• [TASK TO CARRY OUT]: Begin the copy at the line that contains "Photo 2 of JarThenaAMCS", end it at the last line of the entries below, keep every word exact, and include no pictures.

(Web page caption snippets)
>>>>>

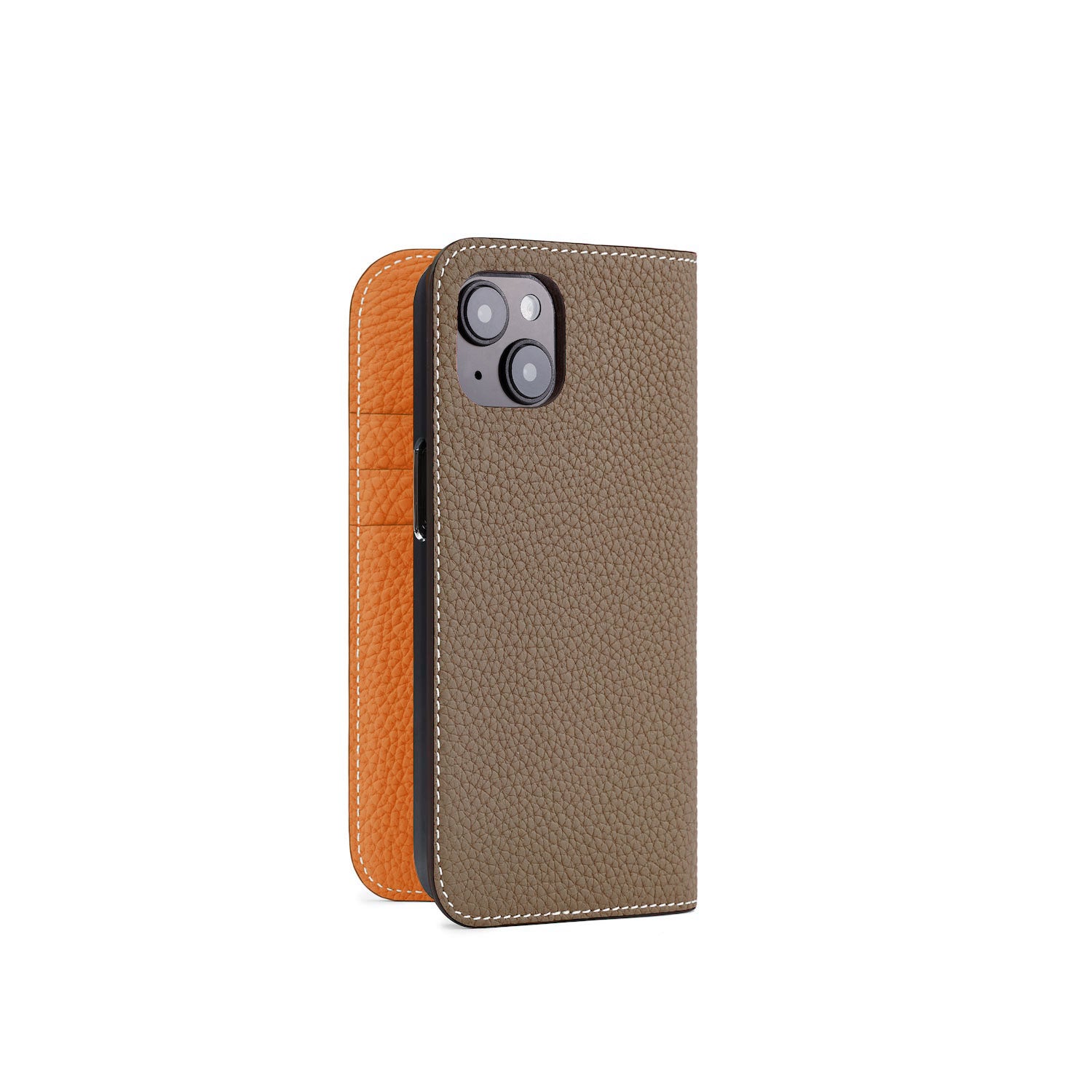 iPhone 15 Diary Case Bottalato Leather (Etoupe × Orange)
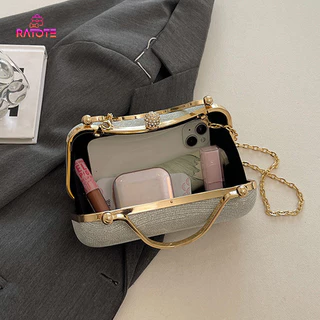 Ratote🌟กระเป๋าคลัชผู้หญิง สไตล์หรูหรา มีโซ่สะพายข้าง PU สไตล์เกาหลี สำหรับปาร์ตี้ แฟชั่นหรู-ส่งเร็ว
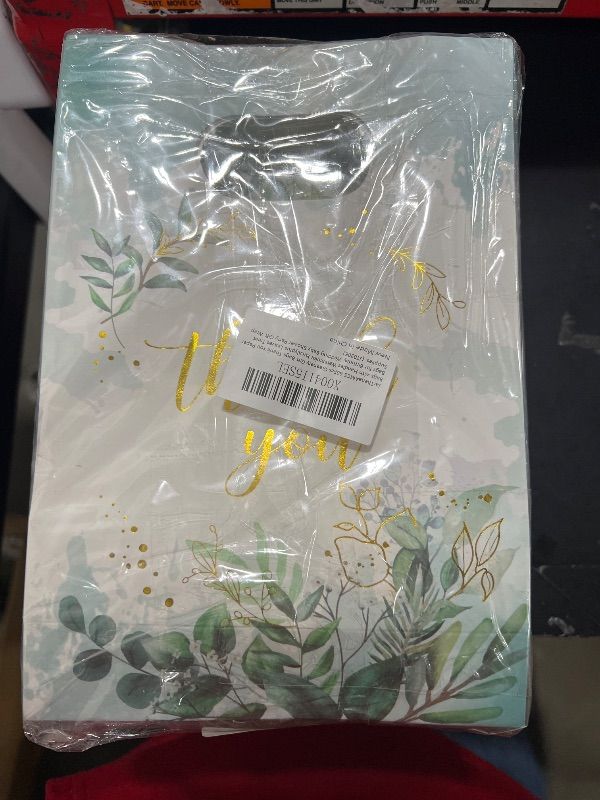 Photo 2 of JarThenaAMCS 60Pcs Greenery Gift Bags Die Cut Thank You Paper Bags with Handles Watercolor Party Bags Eucalyptus Leaves Treat Bags for Birthday Wedding Baby Shower Party Gift Wrap Supplies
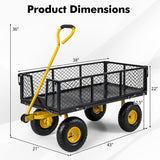 Utility Garden Wagon with 4 Removable Side Panels and 900/1200 LBS Load Capacity-43 X21 X 36 Inch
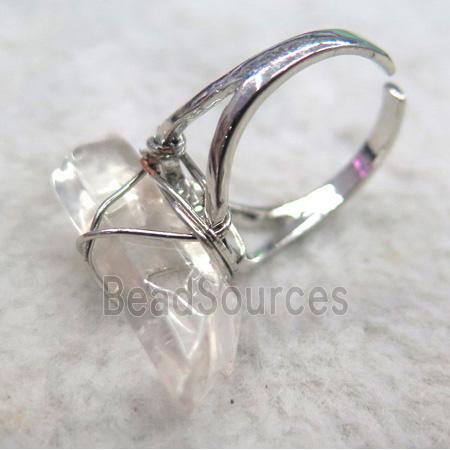 clear quartz ring, wire wrapped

<<<<<

• [RESULT OF THE TASK]:
 Photo 2 of JarThenaAMCS 60Pcs Greenery Gift Bags Die Cut Thank You Paper Bags with Handles Watercolor Party Bags Eucalyptus Leaves Treat Bags for Birthday Wedding Baby Shower Party Gift Wrap Supplies
 Utility Garden Wagon with 4 Removable Side Panels and 900/1200 LBS Load Capacity-43 X21 X 36 Inch
 clear quartz ring, wire wrapped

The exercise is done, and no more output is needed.